Hitung cepat lembaga survei, yang kemudian menghasilkan "pemenang" berbeda antara dua pasangan capres-cawapres yang bersaing pada pemilu, yakni pasangan nomor urut 1 Prabowo Subianto-Hatta Rajasa dan pasangan nomor urut 2 Joko Widodo-Jusuf Kalla, pada 9 Juli 2014.
Penyelesaian secara transparan itu dibutuhkan bukan hanya untuk "mendinginkan" konstelasi politik yang sedang sangat panas, melainkan juga untuk mencerdaskan anak bangsa secara hakiki serta mencegah "kenakalan" berikutnya di masa datang.
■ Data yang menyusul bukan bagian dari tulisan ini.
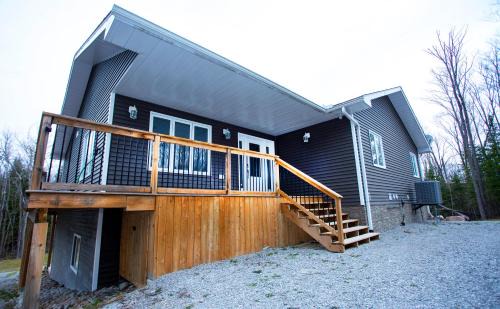 Haliburton House | Mountain House in the Heart of Haliburton, Mins to Lake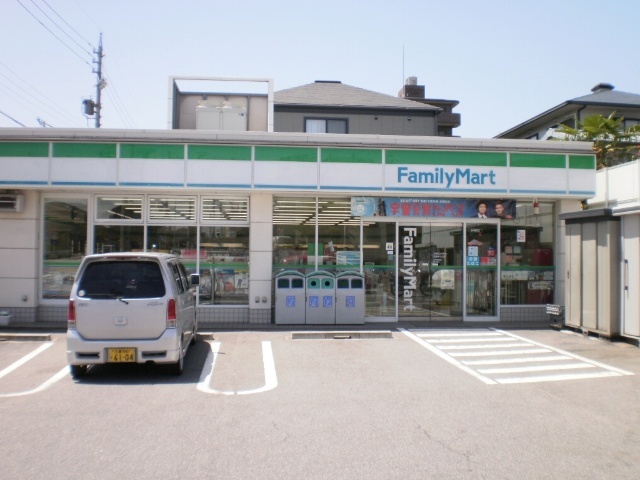 コンビニ　ファミリーマート（コンビニ）まで250m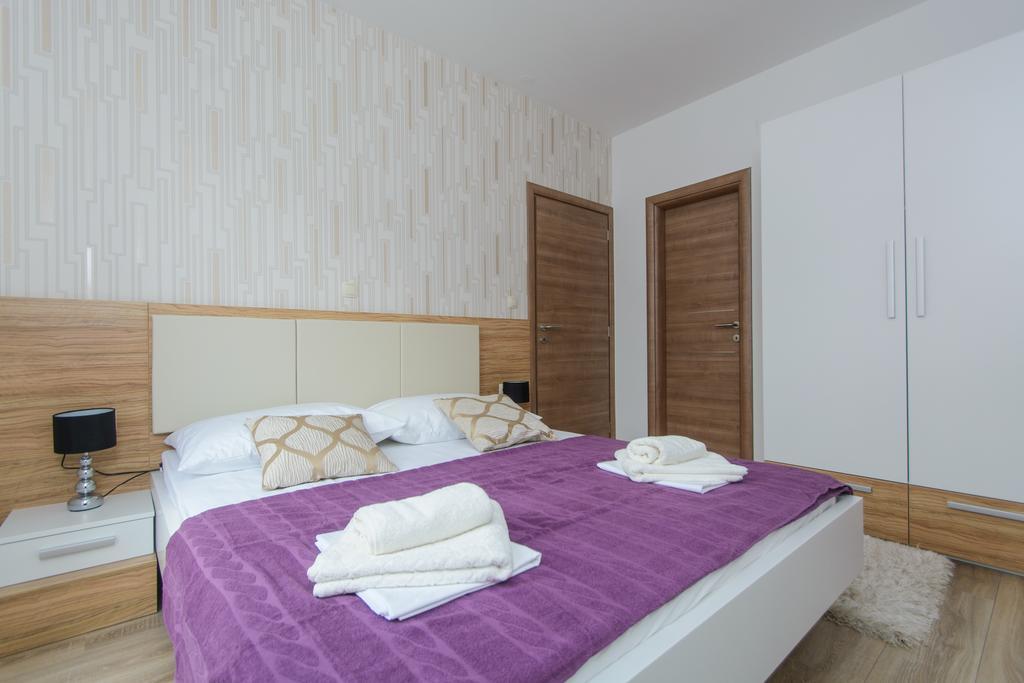Apartments Villa Atlantis トロギール エクステリア 写真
Perlu disadari bahwa metoda QC adalah merupakan "advanced-statistic", yang belum tentu pula dikuasai dengan baik oleh kaum akademisi pun; di mana saat ini sudah tampak dari komentar-komentar yang muncul selama ini belum memberikan pencerahan yang optimal.
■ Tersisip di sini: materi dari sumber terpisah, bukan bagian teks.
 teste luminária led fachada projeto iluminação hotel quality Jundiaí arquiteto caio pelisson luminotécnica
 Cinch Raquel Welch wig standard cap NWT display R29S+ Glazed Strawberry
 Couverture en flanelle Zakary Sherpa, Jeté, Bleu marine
Para ahli statistik sosial perlu memberikan pencerahan kepada masyarakat apa sesungguhnya metoda QC yang mereka maksudkan dan mereka pakai selama ini.
Apakah QC sebagai suatu metoda "advanced-statistic" atau QC sebagai "merek-dagang" saja.
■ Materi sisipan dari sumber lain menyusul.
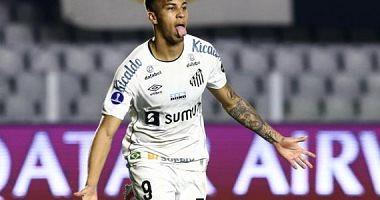 Santos Brazilian talent reports for Juventus and remain official declaration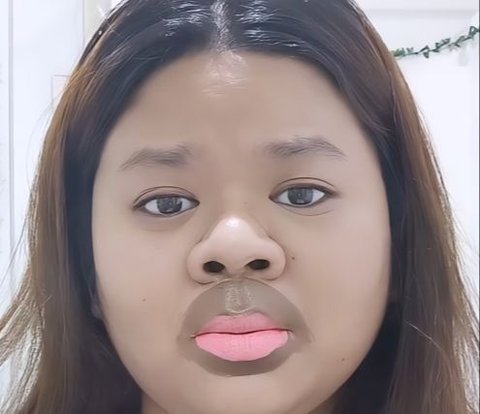 Influencer Mimics Lip Thickening Trick with Lipstick, the Result Makes People Laugh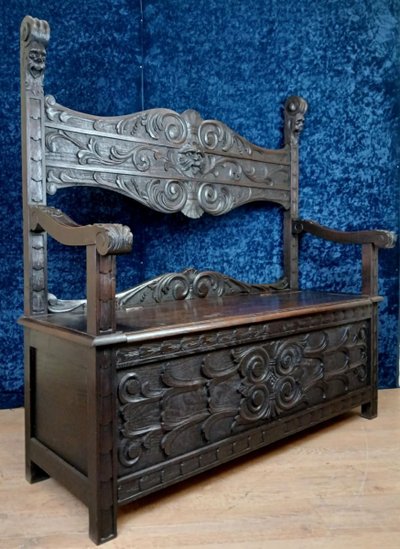 Banc coffre en bois massif style renaissance italienne a décors de masques grimaçant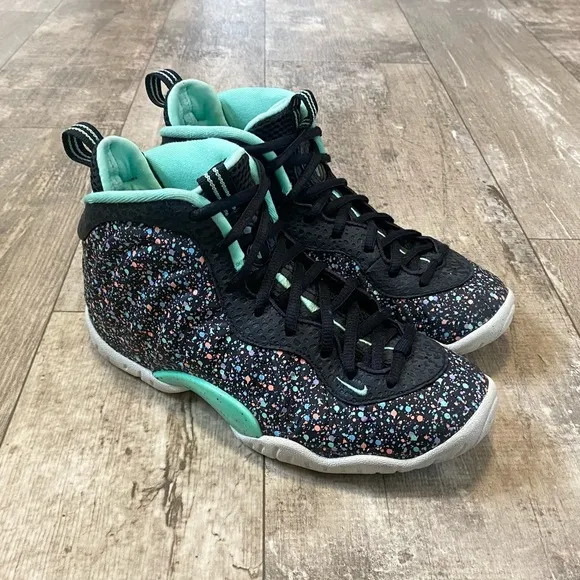 NIKE Little Posite “Easter” GS Basketball Shoes 4.5Y Black Blue Youth Big Kids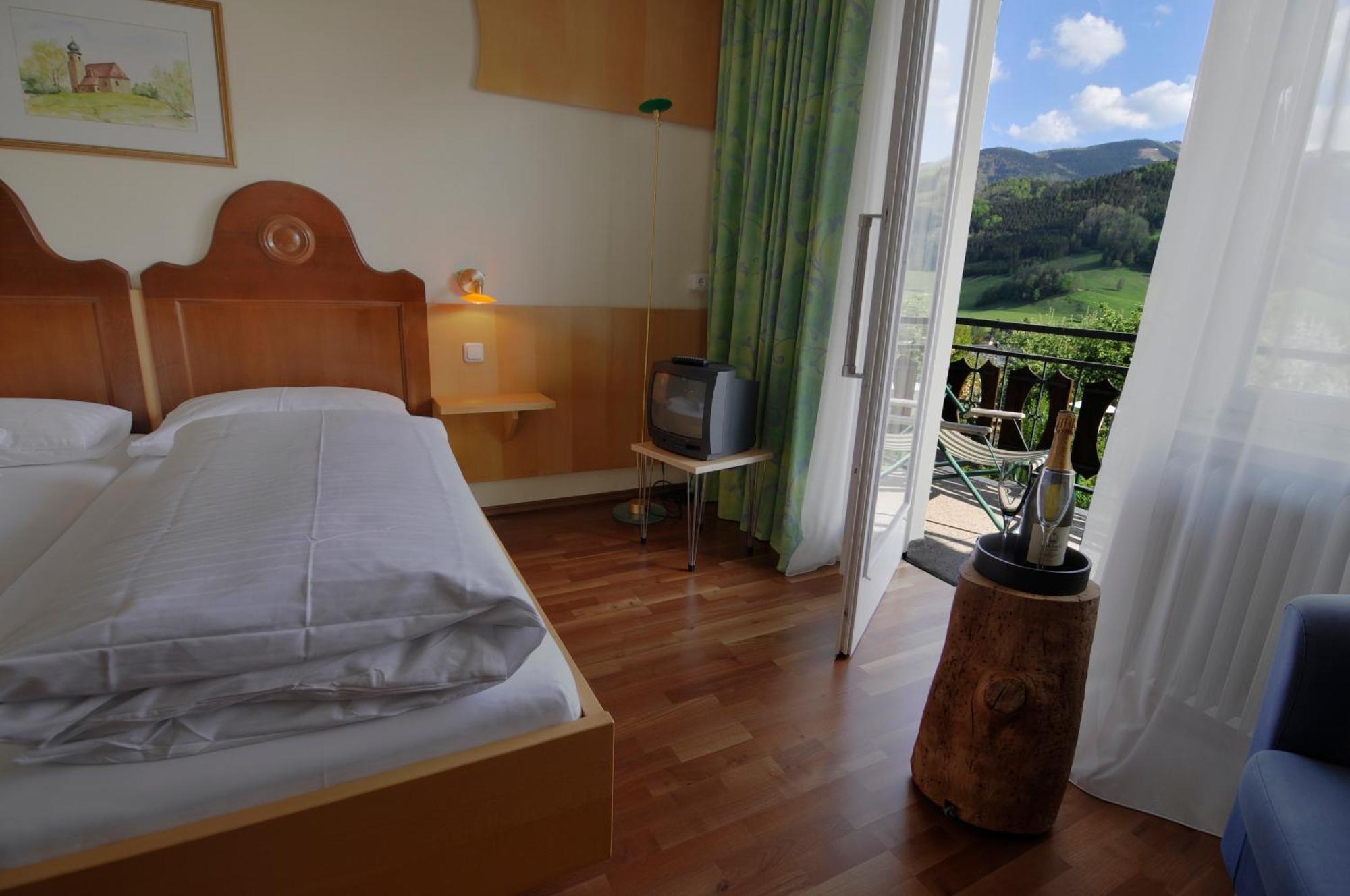 Landgasthof Kirchenwirt Grossraming Kültér fotó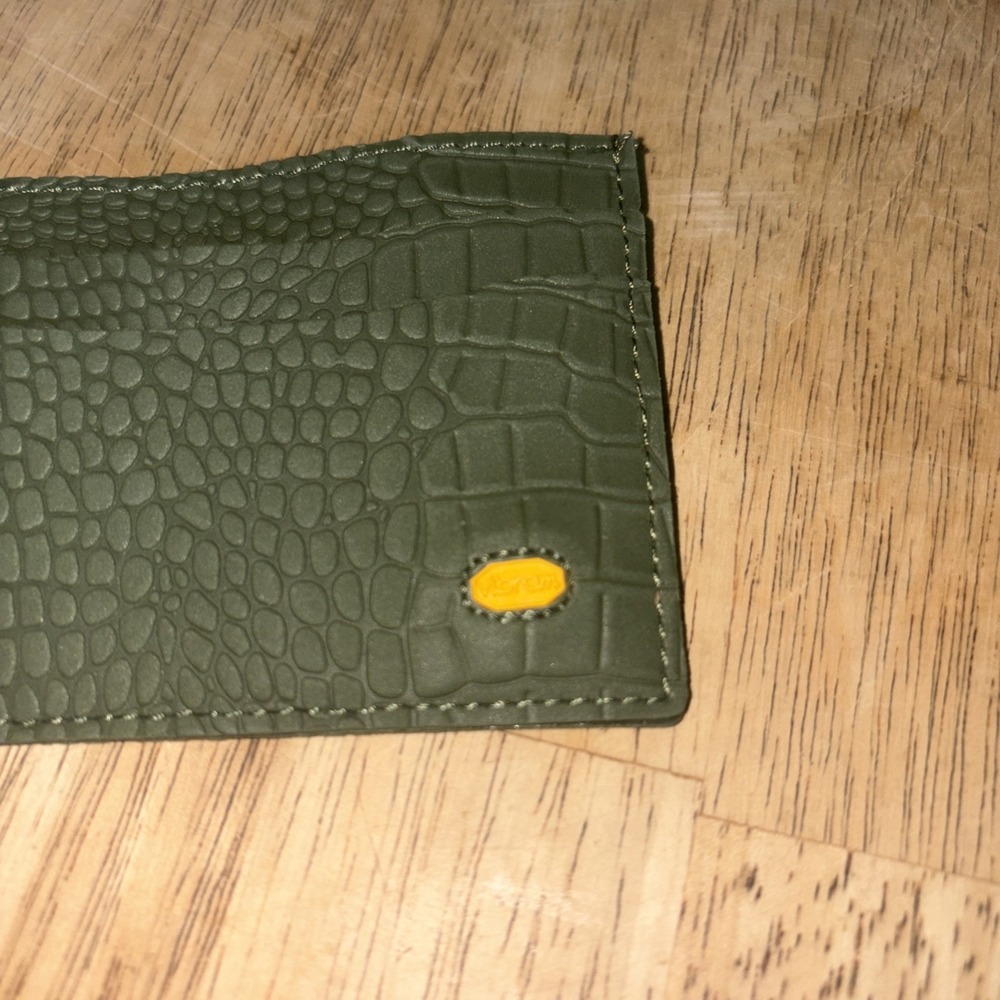 Vibram Green Crocodile Pattern Wallet Credit Card Holder Faux Leather Folding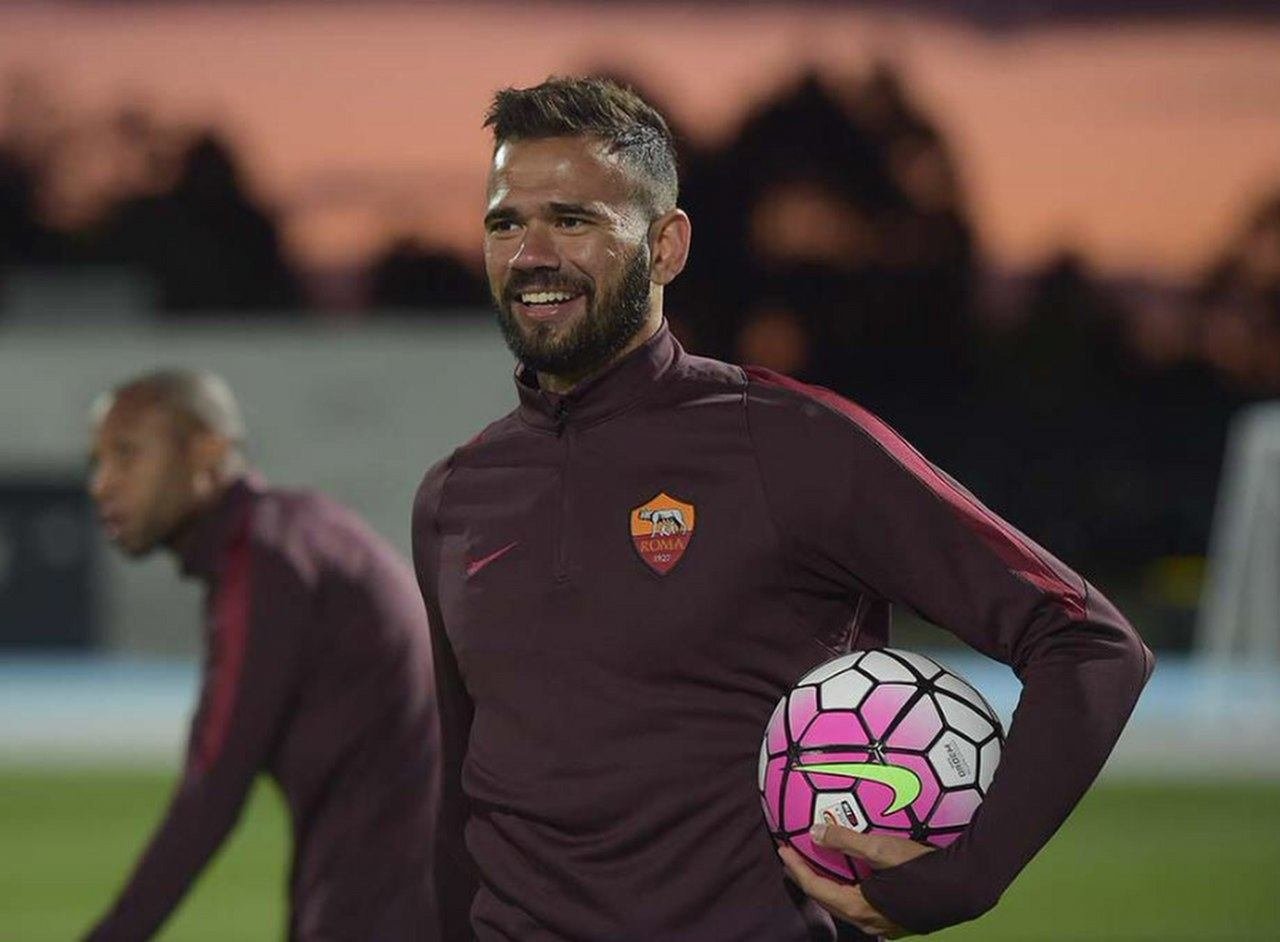 Beşiktaş’ta stopere 10 aday!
Perlu disadari bahwa dalam konteks "advanced-statistic", kepresisian hasil "Quick Count" (QC) atau hitung adalah bukan dipengaruhi oleh intensitas sampling, melainkan akan sangat ditentukan oleh "nilai rujukan" yang akan digunakan untuk mengagregasi dan mengoreksi nilai akhir.
Sehingga, diskusi mempermasalahkan intensitas sampling adalah hanya menggambarkan tidak masifnya pemahaman kita bersama tentang metoda yang bersifat "advanced" tersebut.
Pada konteks "advanced statistic", metoda QC umum dipakai oleh para rimbawan dalam menaksir tegakan hutan (baik untuk variabel yang terkait Indeks Nilai Penting maupun untuk menaksir volume tegakan) di suatu wilayah.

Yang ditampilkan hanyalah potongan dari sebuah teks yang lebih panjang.